Information shown section start

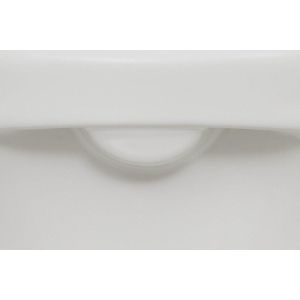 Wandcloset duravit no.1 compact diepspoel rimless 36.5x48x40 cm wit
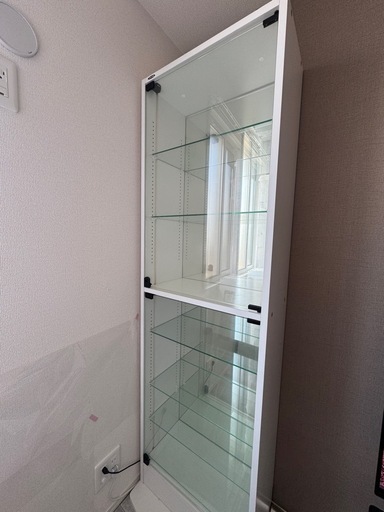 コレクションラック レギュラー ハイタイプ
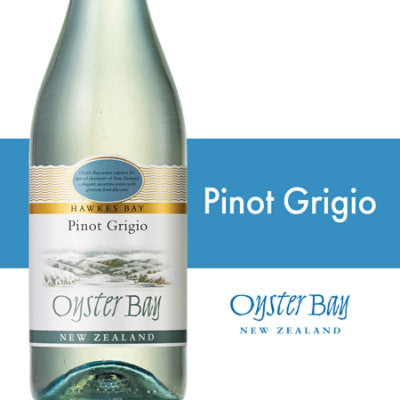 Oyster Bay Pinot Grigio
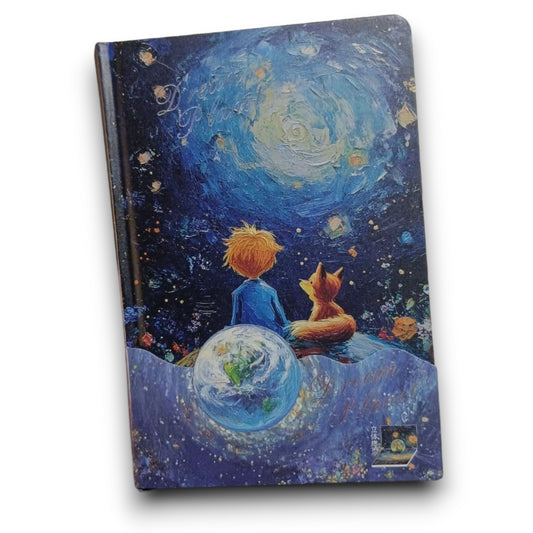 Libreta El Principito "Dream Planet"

Information shown section end

▶ **Exercise**
Transcribe everything above exactly. Do not include the pictures.

▶ **Worked solution**
 Wandcloset duravit no.1 compact diepspoel rimless 36.5x48x40 cm wit
 コレクションラック レギュラー ハイタイプ
 Oyster Bay Pinot Grigio
 Libreta El Principito "Dream Planet"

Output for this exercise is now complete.